The Buy Manitoba multi-year campaign was launched April 26 at the Canada Safeway location on Henderson Highway near the Chief Peguis Trail. The initiative is being spearheaded by the Manitoba Food Processors Association.
The goal of the program is to increase consumer awareness of food products that are produced and processed in Manitoba, while making it easier to identify them on store shelves and restaurant menus.
A number of food industry businesses are involved in the campaign including Canada Safeway, Canad Inns, Keystone Agricultural Producers, Manitoba Restaurant and Foodservices Association, Canadian Culinary Federation Winnipeg Chapter, Granny’s Poultry, the Consumers Association of Canada Manitoba Branch, and Manitoba Agriculture, Food and Rural Initiatives.
Having local products more easily identifiable on store shelves is something East Kildonan resident Muriel Kenyon is looking forward to.
Kenyon said a few years ago her church organized a dinner during which it used products that were grown within a 100- mile radius of Winnipeg.
Now that items will be identified more easily, Kenyon said finding local products won’t require as much work.
"Absolutely it’s a great idea. Pointing them out will make it easier," she said.
"I think it’s a wonderful initiative, and it’s great Safeway is offering it. Now maybe others will follow."

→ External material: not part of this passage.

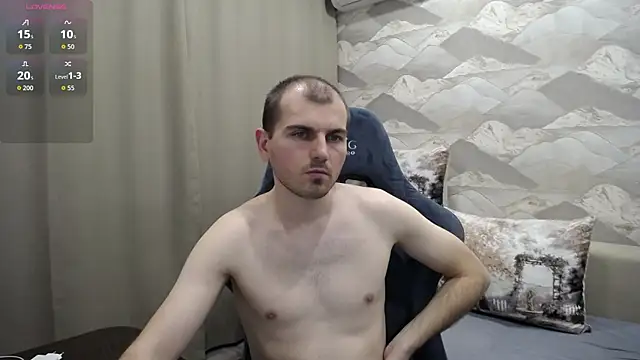 Show de webcam de SerzhKorol1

Dave Shambrock, executive director of the MFPA which is located in Fort Garry, said the new program is a positive step for the local food industry.

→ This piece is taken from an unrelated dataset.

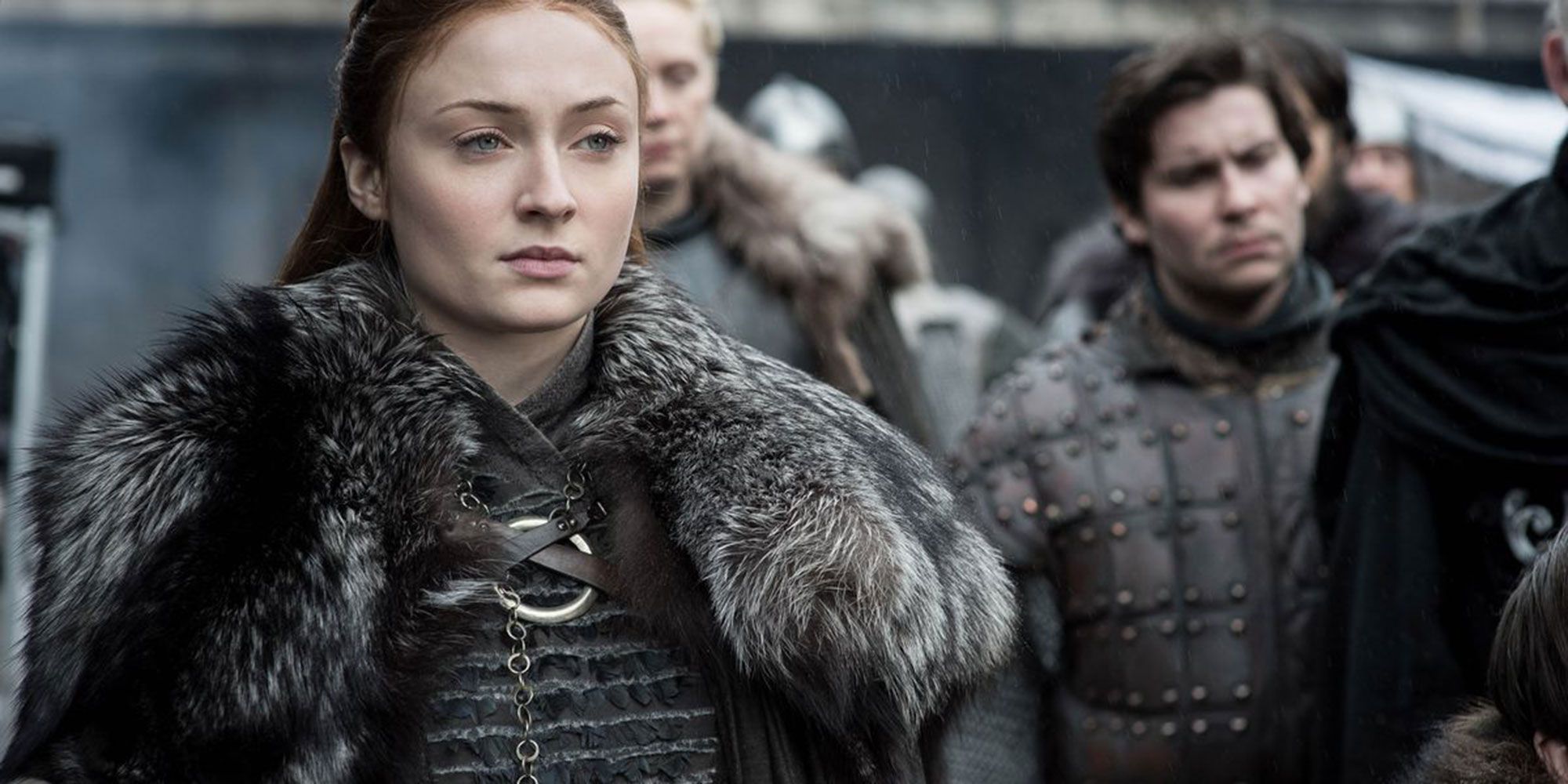 Choose Some 📺 TV Shows to Watch All Day and We’ll Guess Your Age With 99% Accuracy Sansa Stark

"We’re proud to be launching this with Canada Safeway, to bring Manitoba foods from store shelves to consumer’s tables," Shambrock said.
"It will help people discover delicious local food and spur economic growth."
Premier Greg Selinger, who was present during last week’s announcement, said the program will help Manitoba’s economy continue to grow.
"This is a great program. When we buy local we create jobs in rural Manitoba," the premier said.
"The public has been ahead of us for a while. They’ve been asking retailers for this."
In order for the food to be considered Manitoban, at least 85% of the main ingredients have to come from the province.
To qualify as a food that’s been processed in Manitoba, all processing and packaging must be done within the province.
For more information on the campaign visit www.buymanitobafoods.ca.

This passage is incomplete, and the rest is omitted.